Ho finito la seconda serie di American Horror Story e sono già in ansia, in attesa della terza.
A quanto pare il tema principale, il filo rosso della nuova serie, sarà la leggenda di Salem e delle sue streghe. Spero che la terza serie sia bella come la prima.
American Horror Story – Murder House è una classica storia di fantasmi. Casa infestata, i vivi e i morti convivono in una storia senza lieto fine…anzi, dal finale sorprendente. Gli episodi hanno una loro coerenza interna, e non delude le aspettative.
Spero che la terza serie abbia la stessa forza.
Questa seconda serie mi ha invece lasciata…perplessa. In AHS Asylum si mescolano troppe cose, senza trovare una unità. Troppi ingredienti senza collante. Secondo me hanno voluto strafare. Le prime puntate sono scure, si inabissano in orrori più umani che sovrannaturali, e disturbano con una morbosità che fa spesso ditogliere lo sguardo.
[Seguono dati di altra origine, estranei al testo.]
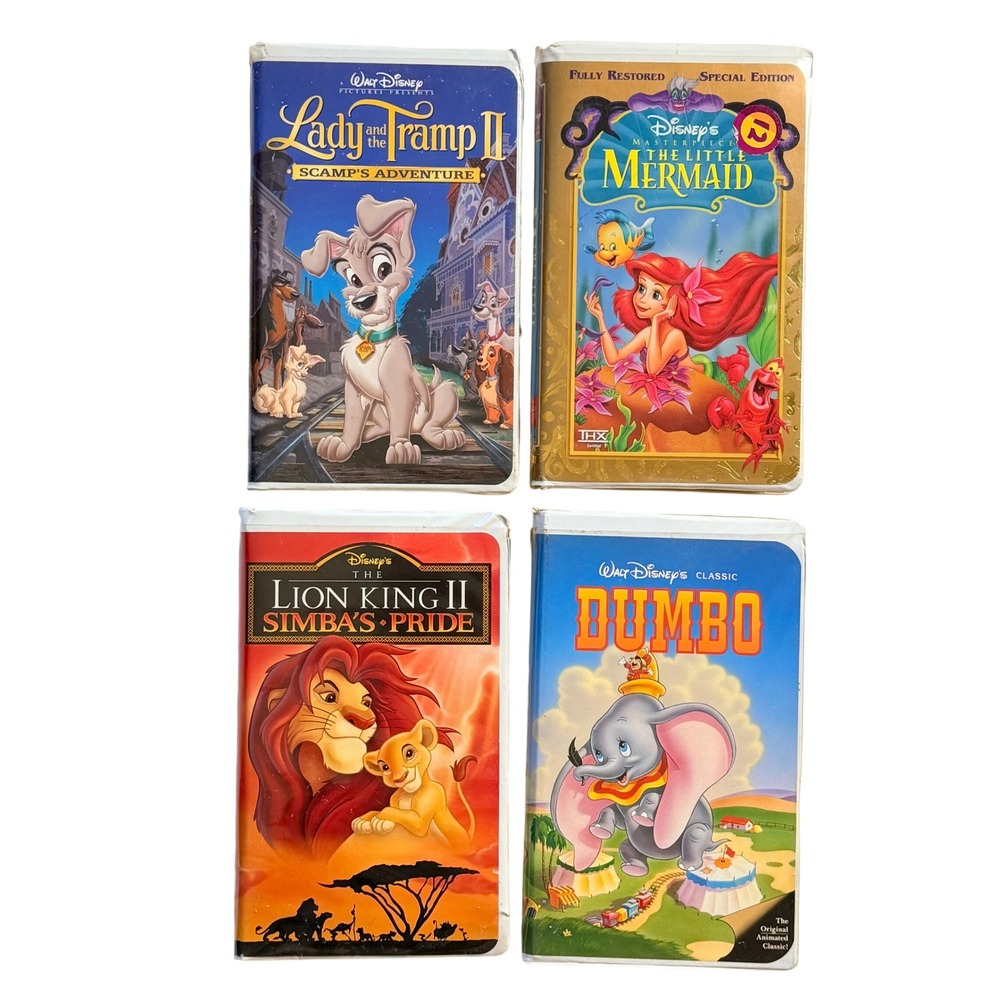 Disney VHS Lot of 4 Little Mermaid Dumbo Lion King Kids Movies 90s Vintage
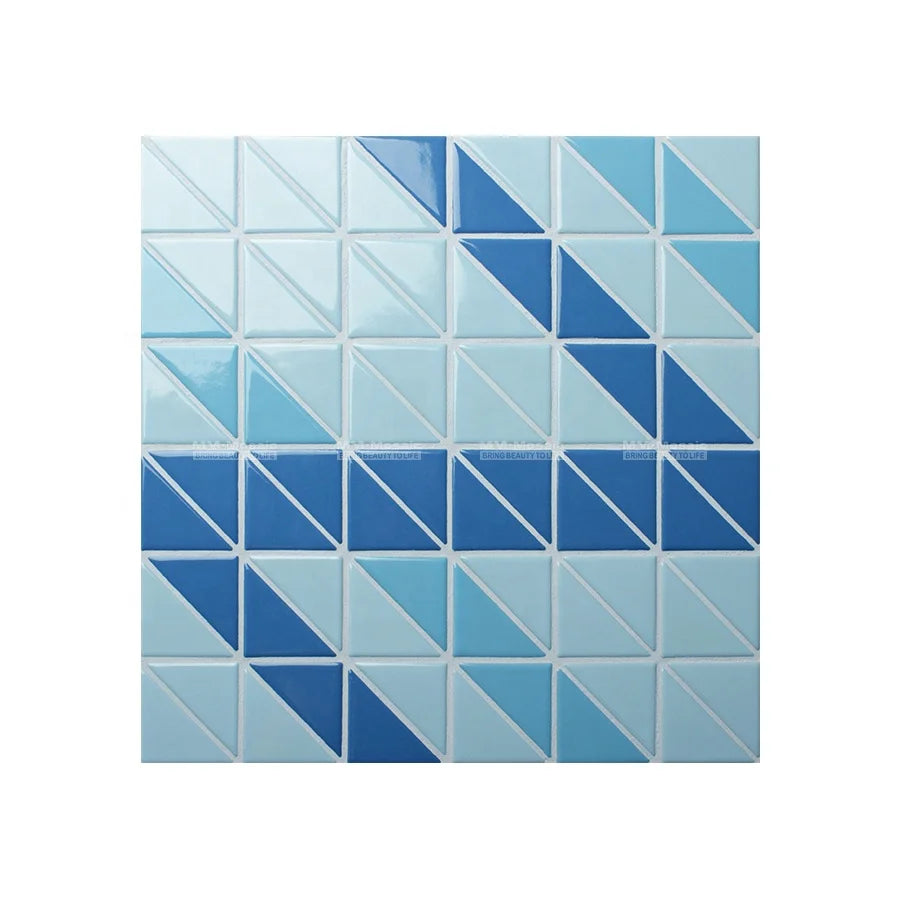 Modern Hotel Villa Project 2" Triangle Geometric Pattern Porcelain Glazed Blule Mixed Color Swimming Pool Mosaic Tile Supplies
Poi si avvia su un sentiero disconnesso, e spesso si immagina un gruppo di sceneggiatori che assemblano horror, fantascienza e un pizzico di ucronia sfidando gli spettatori. Ma più le puntate vanno avanti, più si sta a guardare. Senza mezza termini: o la si ama, o si smette di guardarla alla quarta puntata [fidatevi: se superate la quarta arriverete fino alla fine]. Poi si arriva all’ultima puntata e lo spiegone che hanno messo in piedi fa pentire di avere avuto tanta pazienza.
C’è però la scelta del tema musicale che merita menzione. Al lavoro, quando si prospetta una giornatina di quelle che sarebbe stato meglio starsene a casa, allieto il piano con Dominique. Loro non lo sanno, ma esprimo la sensazione di sentirmi in gabbia.